I wanted some further understanding, and possibly clarification, on a few things that confuse me about arrays and pointers in c++. One of the main things that confuse me is how when you refer to the name of an array, it could be referring to the array, or as a pointer to the first element, as well as a few other things. in order to better display where my trouble understanding is coming from, I'll display a few lines of code, as well as the conclusion that I've made from each one.
let's say that I have
int vals[] = {1,50,3,28,32,500};
int* valptr = vals;
Because vals is a pointer to the first value of the array, then that means that valptr, should equal vals as a whole, since I'm just setting a pointer equal to a pointer, like 1=1.
cout<<vals<<endl;
cout<<&vals<<endl;
cout<<*(&vals)<<endl;
cout<<valptr<<endl;
the code above all prints out the same value, leading me to conclude two things, one that valptr and vals are equal, and can be treated in the same way, as well as the fact that, for some reason, adding & and * to vals doesn't seem to refer to anything different, meaning that using them in this way, is useless, since they all refer to the same value.

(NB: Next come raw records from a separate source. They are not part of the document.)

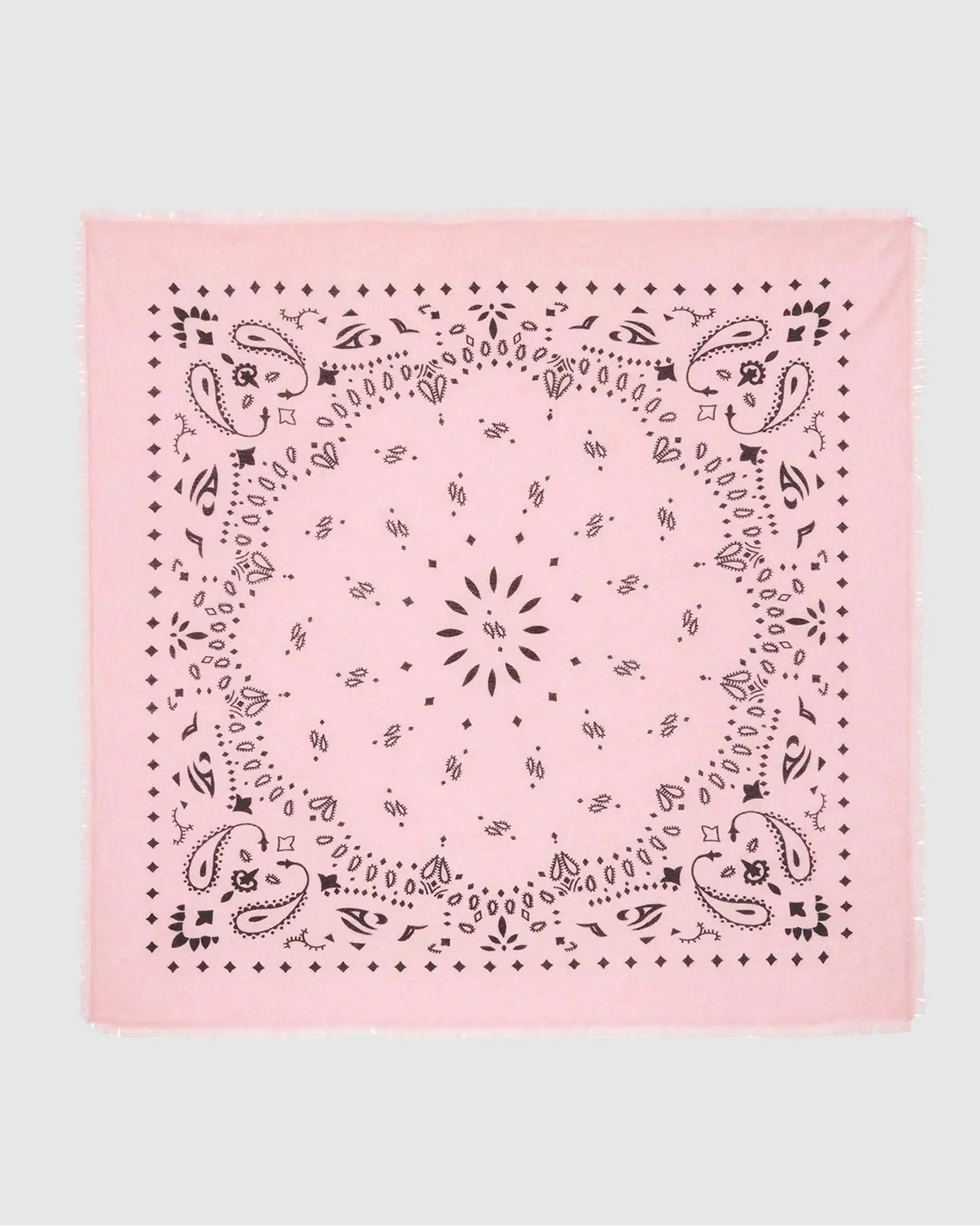 Bandana Kujten en coton, motif graphique coloré, pouvant être porté autour du cou, de la tête ou comme accessoire de sac
Accessoire Kujten style bandana, tissu doux et léger, facile à nouer et polyvalent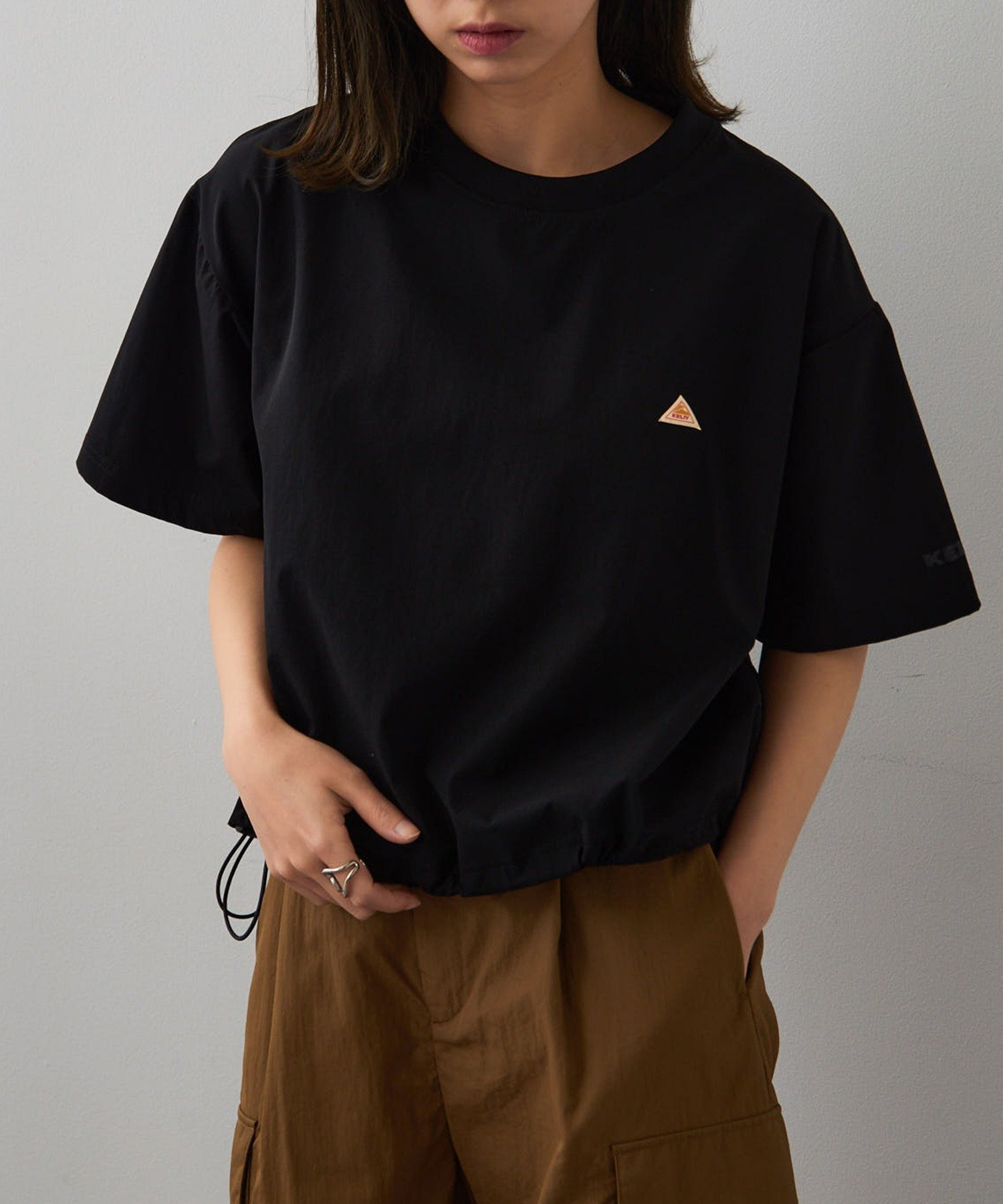 【その他のブランド/Other】のKELTY/【別注】ストレッチTシャツ ドローコード付き インテリア・キッズ・メンズ・レディースファッション・服の通販 founy(ファニー) 　ファッション　Fashion　レディースファッション　Ladies' Fashion Online　トップス・カットソー　Tops/Tshirt　シャツ/ブラウス　Shirts/Blouses　ロング / Tシャツ　T-Shirts　アウトドア　Outdoor　アクセサリー　Accessories　カーゴパンツ　Cargo Pants　シンプル　Simple　ジャケット　Jacket　スタンダード　Standard　ストレッチ　Stretch　スラックス　Slacks　セットアップ　Set Up　ダウン　Down　デイパック　Daypack　トレンド　Trend　ドローコード　Draw Cord　パーカー　Hoodie　別注　Special Order　リラックス　Relax　再入荷　Restock/Back In Stock/Re Arrival　おすすめ　Recommend　BLK|ID: prp329100004507367 ipo3291000000032623571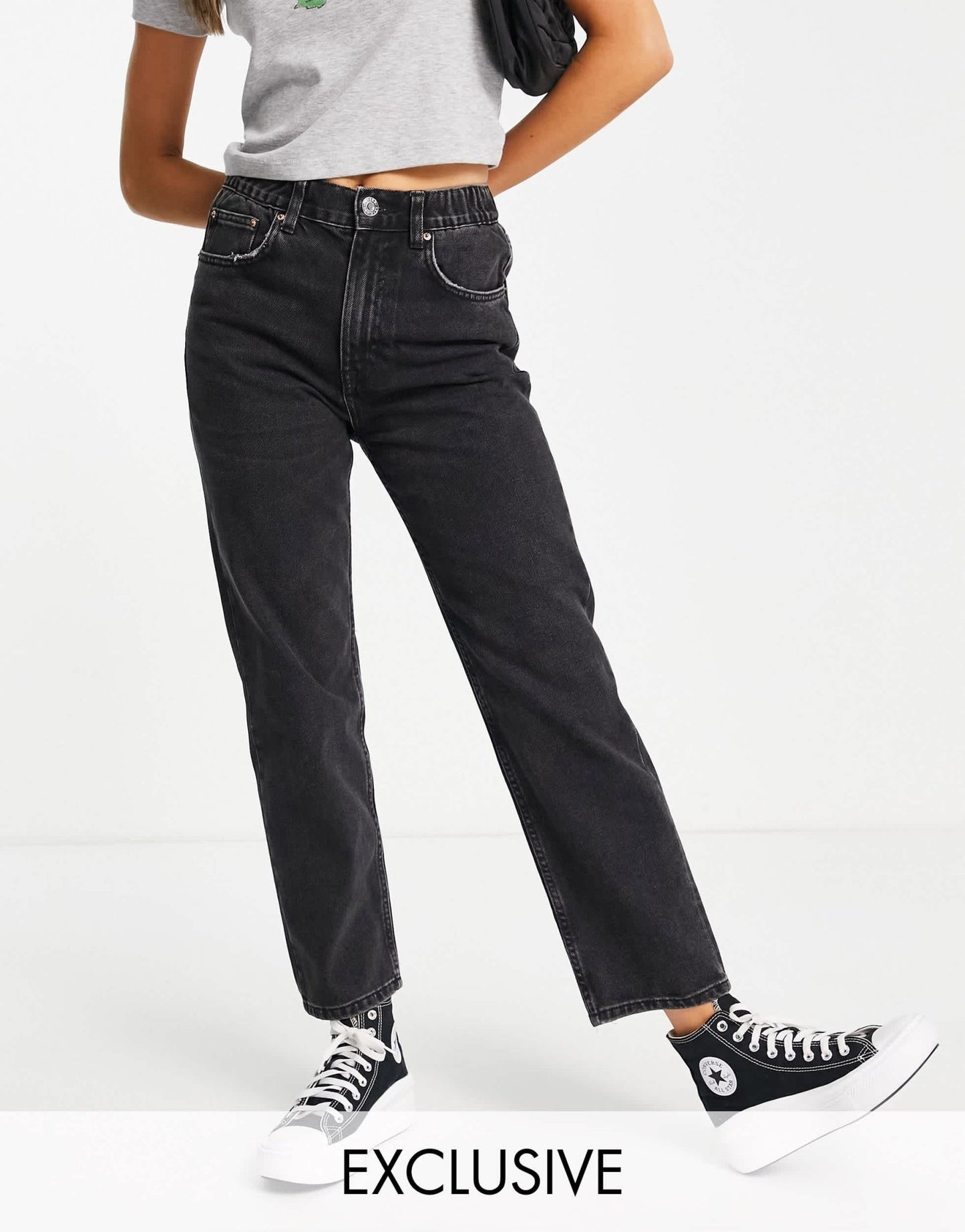 Pull&Bear Exclusive elasticated waist mom jean in black - ASOS Sample Sale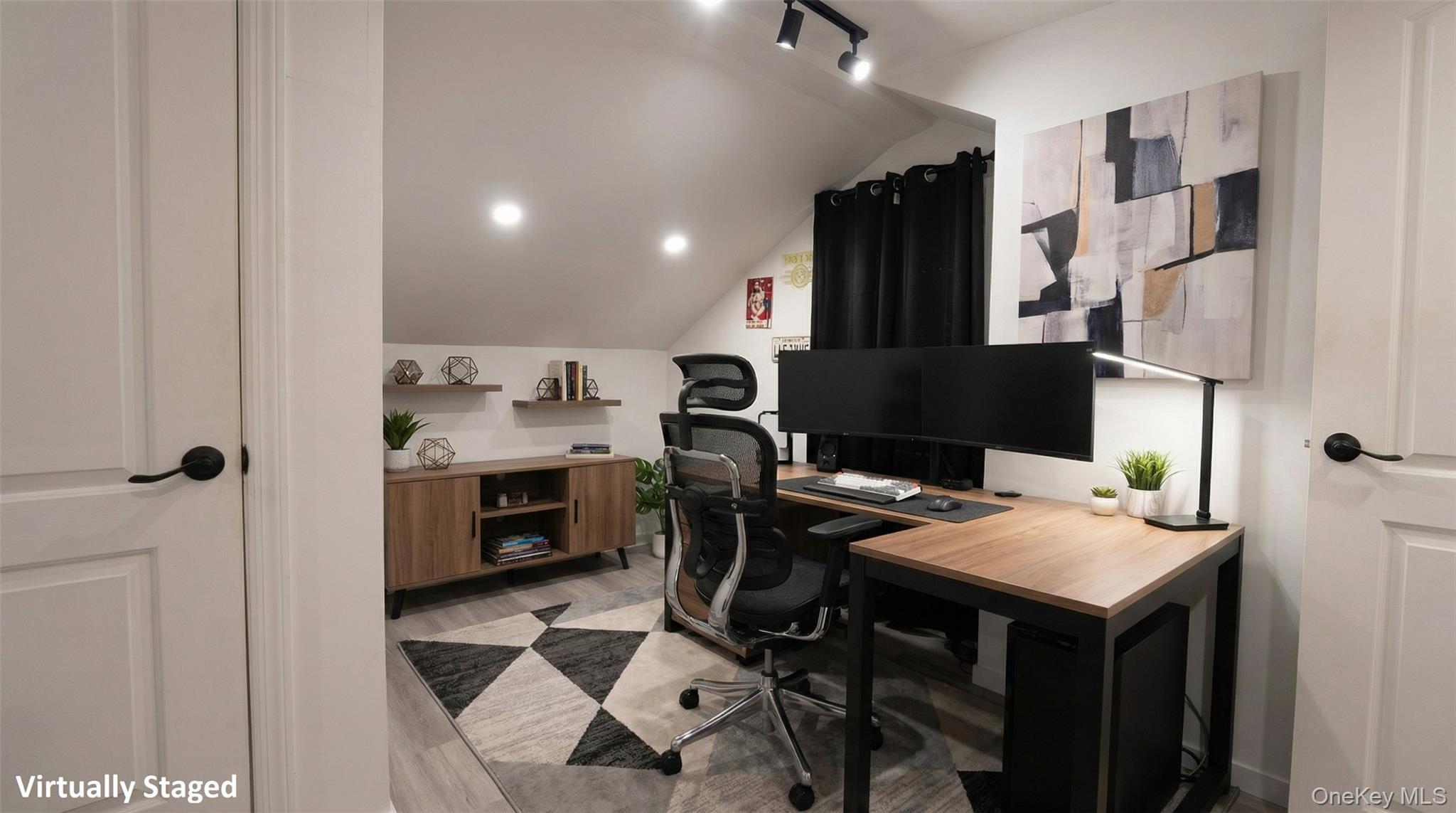 Single Family Lincoln  Nassau County, NY 11758, MLS-977564-12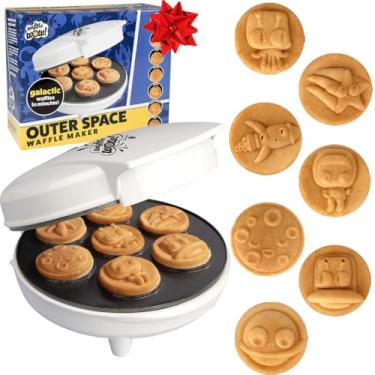 Imagem de Máquina de waffle infantil Out of This World - Faça 7 panquecas espaciais. Astronautas, luas, estrelas e mais em minutos - waffle antiaderente elétrico - ferro científico com tema galáctico divertido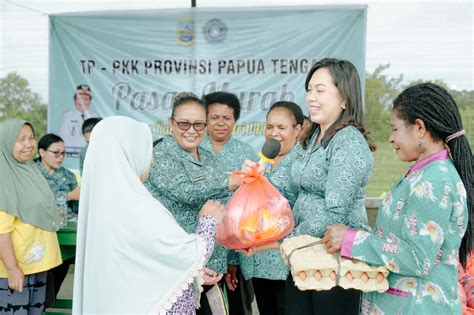 Sambut Idul Fitri Tim Penggerak PKK Papua Tengah Gelar Pasar Murah Di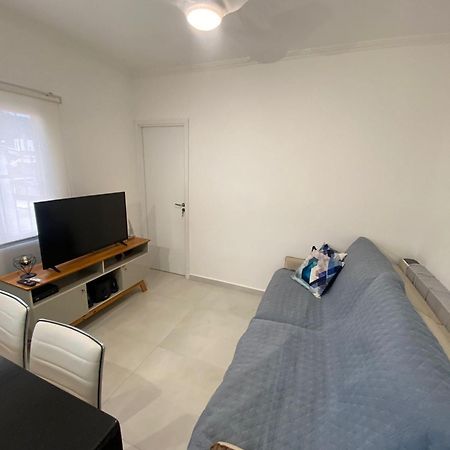Canto Forte- Suite C/Varanda - Ate 5 Hospedes- Garagem - Wi Fi E 200 Metros Da Praia, 50 Metros Da Av Gastronomica Da Pg Praia Grande  Buitenkant foto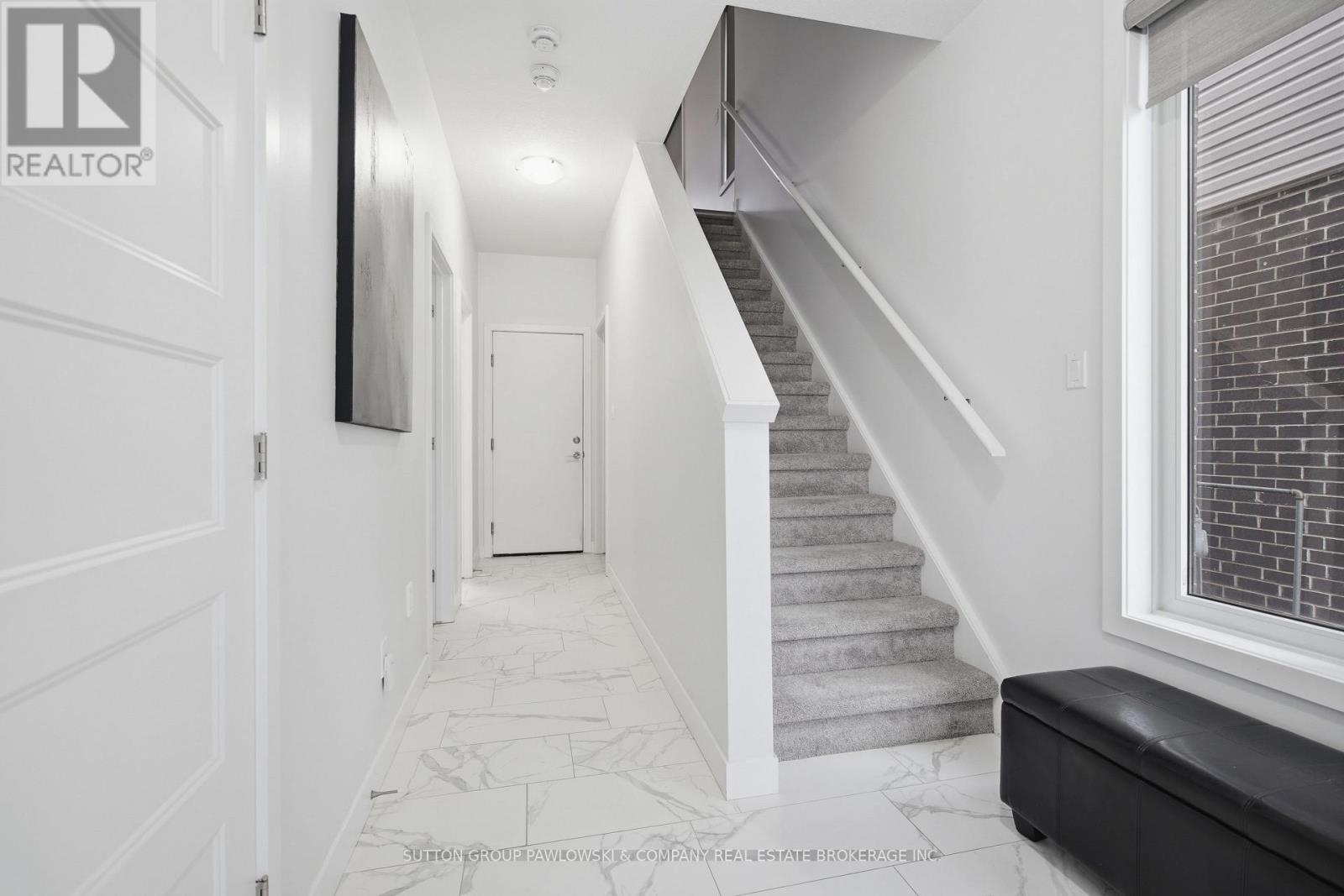 26 - 3380 SINGLETON AVENUE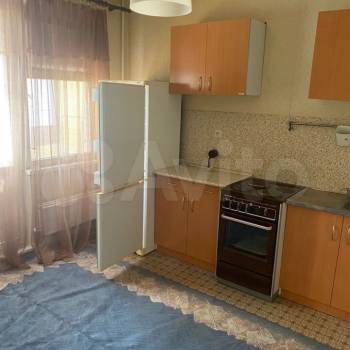 Сдается 1-комнатная квартира, 40 м²
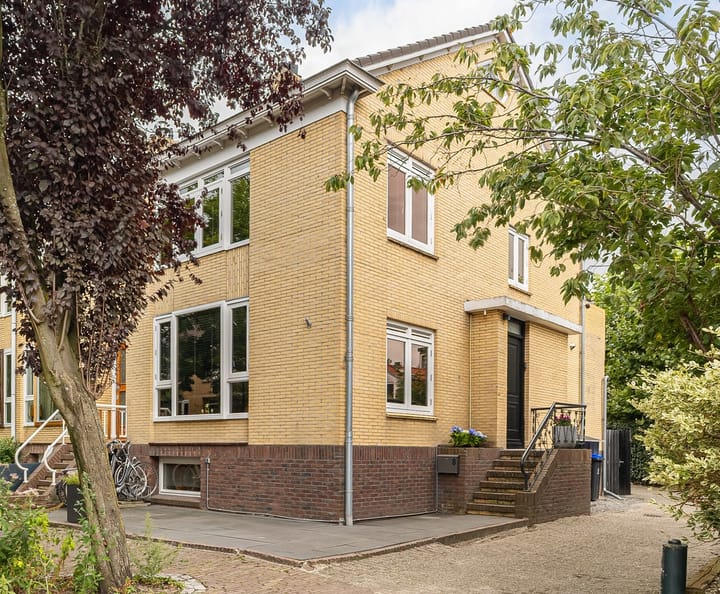 Beekweg 8 main image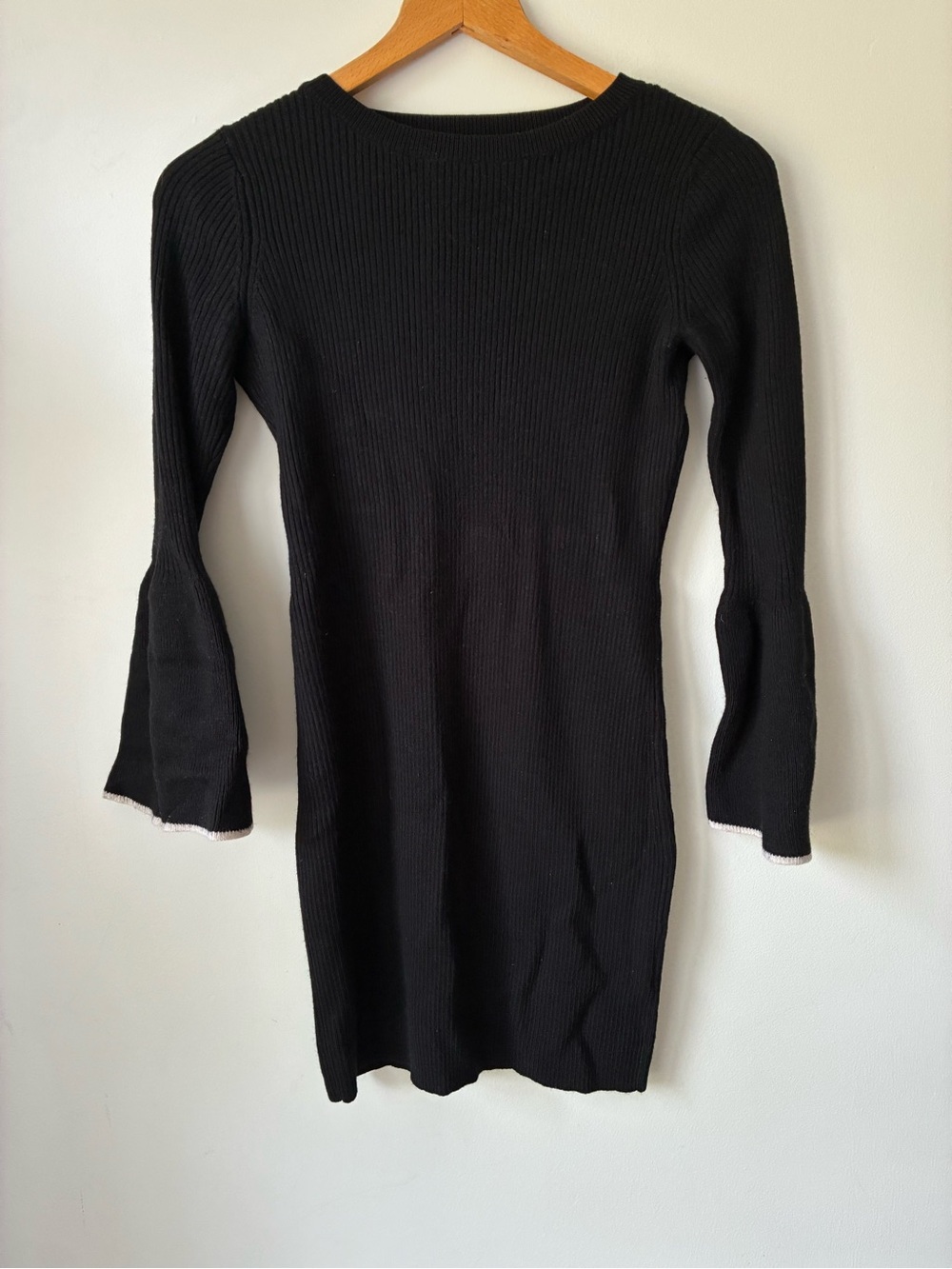 Club Monaco Dress Women’s XS Wioletta Tipped Dress Black Merino Wool Bell Sleeve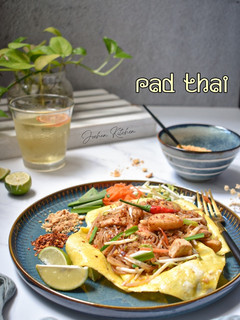 Foto resep Chicken Pad Thai Fold-Over Omelette Style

cout<<valptr[1]<<endl;//outputs 50
cout<<vals[1]<<endl;//outputs 50
cout<<*vals<<endl;//outputs 1
cout<<*valptr<<endl;//outputs 1
the code above furthers the mindset to me that valptr and vals are the same, seeing as whenever I do something to vals, and do the same thing to valptr, they both yield the same result
cout<<*(&valptr +1)-valptr<<endl;
cout<<endl;
cout<< *(&vals + 1) -vals<<endl;
Now that we have established what I know, or the misconceptions that I may have, now we move on to the two main problems that I have, which we'll go over now.
The first confusion I have is with cout<< *(&vals + 1) -vals<<endl; I know that this outputs the size of the array, and the general concept on how it works, but I'm confused on several parts.
As shown earlier, if
cout<<vals<<endl;
cout<<&vals<<endl;
cout<<*(&vals)<<endl;
all print out the same value, the why do I need the * and & in cout<< *(&vals + 1) -vals<<endl; I know that if I do vals+1 it just refers to the address of the next element on the array, meaning that *(vals+1)returns 50.
This brings me to my first question: Why does the & in *(&vals+1) refer to the next address out the array? why is it not the same output as (vals+1)in the way that *(&vals)and (vals)have the same output?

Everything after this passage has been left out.